======== Given records

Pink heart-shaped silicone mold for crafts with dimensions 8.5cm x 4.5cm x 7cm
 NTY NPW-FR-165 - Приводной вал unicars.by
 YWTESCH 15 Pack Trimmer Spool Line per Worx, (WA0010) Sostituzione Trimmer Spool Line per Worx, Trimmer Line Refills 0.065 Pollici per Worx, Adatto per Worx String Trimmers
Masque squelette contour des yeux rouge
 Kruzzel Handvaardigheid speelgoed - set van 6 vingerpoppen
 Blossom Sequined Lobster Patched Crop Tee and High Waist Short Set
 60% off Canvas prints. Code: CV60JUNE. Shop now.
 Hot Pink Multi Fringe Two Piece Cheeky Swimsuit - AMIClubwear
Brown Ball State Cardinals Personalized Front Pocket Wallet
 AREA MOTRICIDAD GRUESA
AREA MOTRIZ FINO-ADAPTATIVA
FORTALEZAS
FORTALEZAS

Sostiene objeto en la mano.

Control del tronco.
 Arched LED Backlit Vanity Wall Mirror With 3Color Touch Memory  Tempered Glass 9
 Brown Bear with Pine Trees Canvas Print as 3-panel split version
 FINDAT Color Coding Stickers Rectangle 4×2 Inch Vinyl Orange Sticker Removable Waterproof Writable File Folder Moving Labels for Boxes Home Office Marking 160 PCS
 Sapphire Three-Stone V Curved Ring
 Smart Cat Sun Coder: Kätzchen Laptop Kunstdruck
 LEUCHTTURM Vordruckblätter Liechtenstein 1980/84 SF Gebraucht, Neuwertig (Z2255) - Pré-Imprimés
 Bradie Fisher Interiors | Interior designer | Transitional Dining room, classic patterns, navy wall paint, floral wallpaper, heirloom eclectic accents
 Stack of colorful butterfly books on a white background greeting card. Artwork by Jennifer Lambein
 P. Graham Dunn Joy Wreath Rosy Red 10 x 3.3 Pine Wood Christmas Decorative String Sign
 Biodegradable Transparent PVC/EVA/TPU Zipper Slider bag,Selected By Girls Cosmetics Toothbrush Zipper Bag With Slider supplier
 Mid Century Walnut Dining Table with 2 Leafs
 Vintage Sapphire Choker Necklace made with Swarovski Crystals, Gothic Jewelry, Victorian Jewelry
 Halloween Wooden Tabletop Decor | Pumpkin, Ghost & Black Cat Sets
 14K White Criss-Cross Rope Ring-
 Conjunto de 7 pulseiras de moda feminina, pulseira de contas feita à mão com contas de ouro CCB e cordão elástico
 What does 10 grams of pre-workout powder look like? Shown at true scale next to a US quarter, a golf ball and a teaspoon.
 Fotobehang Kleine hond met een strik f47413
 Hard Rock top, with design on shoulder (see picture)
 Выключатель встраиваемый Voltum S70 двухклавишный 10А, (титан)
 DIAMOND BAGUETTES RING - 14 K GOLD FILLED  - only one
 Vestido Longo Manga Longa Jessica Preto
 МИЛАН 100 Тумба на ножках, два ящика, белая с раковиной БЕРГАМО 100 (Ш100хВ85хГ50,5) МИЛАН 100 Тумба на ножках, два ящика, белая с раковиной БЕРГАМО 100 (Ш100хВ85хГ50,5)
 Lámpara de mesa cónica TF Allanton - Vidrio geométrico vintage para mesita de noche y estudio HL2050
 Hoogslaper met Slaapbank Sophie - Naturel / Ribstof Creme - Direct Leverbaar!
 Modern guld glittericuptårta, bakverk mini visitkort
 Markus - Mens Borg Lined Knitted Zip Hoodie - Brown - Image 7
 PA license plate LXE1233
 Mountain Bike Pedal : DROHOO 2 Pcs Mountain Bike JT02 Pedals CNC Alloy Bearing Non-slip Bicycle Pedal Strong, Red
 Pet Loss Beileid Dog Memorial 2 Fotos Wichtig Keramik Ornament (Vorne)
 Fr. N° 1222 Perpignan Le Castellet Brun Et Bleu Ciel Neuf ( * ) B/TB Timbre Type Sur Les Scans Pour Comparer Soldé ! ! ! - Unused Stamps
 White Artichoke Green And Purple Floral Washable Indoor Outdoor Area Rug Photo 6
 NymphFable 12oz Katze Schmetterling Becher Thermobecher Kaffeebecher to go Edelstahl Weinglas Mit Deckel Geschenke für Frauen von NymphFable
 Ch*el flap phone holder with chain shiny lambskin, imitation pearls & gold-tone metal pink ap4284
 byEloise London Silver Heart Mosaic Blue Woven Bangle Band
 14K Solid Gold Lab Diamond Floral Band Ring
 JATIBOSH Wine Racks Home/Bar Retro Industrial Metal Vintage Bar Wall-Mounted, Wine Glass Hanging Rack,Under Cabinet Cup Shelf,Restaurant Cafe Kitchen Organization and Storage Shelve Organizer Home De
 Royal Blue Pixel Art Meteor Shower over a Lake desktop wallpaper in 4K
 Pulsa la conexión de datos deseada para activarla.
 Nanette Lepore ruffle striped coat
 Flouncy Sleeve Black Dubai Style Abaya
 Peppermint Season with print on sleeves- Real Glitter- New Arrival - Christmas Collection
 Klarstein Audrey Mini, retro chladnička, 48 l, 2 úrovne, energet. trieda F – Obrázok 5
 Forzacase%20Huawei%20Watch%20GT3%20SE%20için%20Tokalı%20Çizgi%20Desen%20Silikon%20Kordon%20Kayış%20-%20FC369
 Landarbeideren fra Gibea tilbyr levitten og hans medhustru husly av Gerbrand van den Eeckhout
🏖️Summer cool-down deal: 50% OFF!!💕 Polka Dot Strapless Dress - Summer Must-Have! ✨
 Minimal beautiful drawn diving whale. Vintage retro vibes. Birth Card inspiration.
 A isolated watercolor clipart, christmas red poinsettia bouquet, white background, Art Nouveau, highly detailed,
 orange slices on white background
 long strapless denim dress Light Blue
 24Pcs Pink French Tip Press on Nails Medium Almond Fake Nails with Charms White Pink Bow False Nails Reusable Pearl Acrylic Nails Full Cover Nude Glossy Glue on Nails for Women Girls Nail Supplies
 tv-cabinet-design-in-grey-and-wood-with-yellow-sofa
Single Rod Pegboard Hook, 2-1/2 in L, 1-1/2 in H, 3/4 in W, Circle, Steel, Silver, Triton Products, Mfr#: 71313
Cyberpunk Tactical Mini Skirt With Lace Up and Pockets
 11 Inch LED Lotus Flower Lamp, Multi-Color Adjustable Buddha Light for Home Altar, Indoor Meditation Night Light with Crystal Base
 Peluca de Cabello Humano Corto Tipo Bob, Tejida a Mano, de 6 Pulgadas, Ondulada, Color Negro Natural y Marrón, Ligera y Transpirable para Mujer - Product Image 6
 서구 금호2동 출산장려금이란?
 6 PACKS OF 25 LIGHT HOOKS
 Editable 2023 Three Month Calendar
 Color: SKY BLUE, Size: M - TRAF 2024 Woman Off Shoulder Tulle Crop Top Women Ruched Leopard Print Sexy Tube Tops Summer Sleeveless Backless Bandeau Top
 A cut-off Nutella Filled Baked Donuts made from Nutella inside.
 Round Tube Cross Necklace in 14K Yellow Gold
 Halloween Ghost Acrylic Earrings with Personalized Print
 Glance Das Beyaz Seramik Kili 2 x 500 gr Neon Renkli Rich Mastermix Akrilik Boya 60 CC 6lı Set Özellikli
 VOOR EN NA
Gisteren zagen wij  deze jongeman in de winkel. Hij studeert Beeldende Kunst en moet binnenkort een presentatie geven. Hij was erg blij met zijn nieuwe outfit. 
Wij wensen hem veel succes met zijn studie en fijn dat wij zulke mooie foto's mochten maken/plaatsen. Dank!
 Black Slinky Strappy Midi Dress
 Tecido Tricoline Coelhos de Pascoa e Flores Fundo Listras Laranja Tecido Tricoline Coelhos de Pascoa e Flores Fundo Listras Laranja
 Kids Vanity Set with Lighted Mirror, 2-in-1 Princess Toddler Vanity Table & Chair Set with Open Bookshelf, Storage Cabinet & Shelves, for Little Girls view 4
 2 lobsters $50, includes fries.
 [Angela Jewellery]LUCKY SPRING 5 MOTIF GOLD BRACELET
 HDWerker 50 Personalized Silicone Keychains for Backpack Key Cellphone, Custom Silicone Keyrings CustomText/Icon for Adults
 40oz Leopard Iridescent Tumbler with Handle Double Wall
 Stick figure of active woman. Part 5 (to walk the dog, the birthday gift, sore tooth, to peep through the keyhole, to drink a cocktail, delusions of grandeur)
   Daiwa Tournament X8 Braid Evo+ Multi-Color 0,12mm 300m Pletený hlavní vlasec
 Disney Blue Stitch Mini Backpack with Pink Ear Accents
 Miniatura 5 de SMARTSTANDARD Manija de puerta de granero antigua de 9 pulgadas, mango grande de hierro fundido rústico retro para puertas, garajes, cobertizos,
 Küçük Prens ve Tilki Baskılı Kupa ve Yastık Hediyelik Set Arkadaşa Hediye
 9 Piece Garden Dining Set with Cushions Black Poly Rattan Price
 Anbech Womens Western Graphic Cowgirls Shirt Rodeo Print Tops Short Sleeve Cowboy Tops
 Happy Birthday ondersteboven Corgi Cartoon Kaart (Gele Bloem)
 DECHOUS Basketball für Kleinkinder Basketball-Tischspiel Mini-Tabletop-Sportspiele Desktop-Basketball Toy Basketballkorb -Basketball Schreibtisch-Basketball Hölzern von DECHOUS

================

What the task requires
Take the lines above from the first through the one containing "LEUCHTTURM Vordruckblätter Liechtenstein" and reproduce them exactly; include nothing else.

Response for this exercise
Pink heart-shaped silicone mold for crafts with dimensions 8.5cm x 4.5cm x 7cm
 NTY NPW-FR-165 - Приводной вал unicars.by
 YWTESCH 15 Pack Trimmer Spool Line per Worx, (WA0010) Sostituzione Trimmer Spool Line per Worx, Trimmer Line Refills 0.065 Pollici per Worx, Adatto per Worx String Trimmers
Masque squelette contour des yeux rouge
 Kruzzel Handvaardigheid speelgoed - set van 6 vingerpoppen
 Blossom Sequined Lobster Patched Crop Tee and High Waist Short Set
 60% off Canvas prints. Code: CV60JUNE. Shop now.
 Hot Pink Multi Fringe Two Piece Cheeky Swimsuit - AMIClubwear
Brown Ball State Cardinals Personalized Front Pocket Wallet
 AREA MOTRICIDAD GRUESA
AREA MOTRIZ FINO-ADAPTATIVA
FORTALEZAS
FORTALEZAS

Sostiene objeto en la mano.

Control del tronco.
 Arched LED Backlit Vanity Wall Mirror With 3Color Touch Memory  Tempered Glass 9
 Brown Bear with Pine Trees Canvas Print as 3-panel split version
 FINDAT Color Coding Stickers Rectangle 4×2 Inch Vinyl Orange Sticker Removable Waterproof Writable File Folder Moving Labels for Boxes Home Office Marking 160 PCS
 Sapphire Three-Stone V Curved Ring
 Smart Cat Sun Coder: Kätzchen Laptop Kunstdruck
 LEUCHTTURM Vordruckblätter Liechtenstein 1980/84 SF Gebraucht, Neuwertig (Z2255) - Pré-Imprimés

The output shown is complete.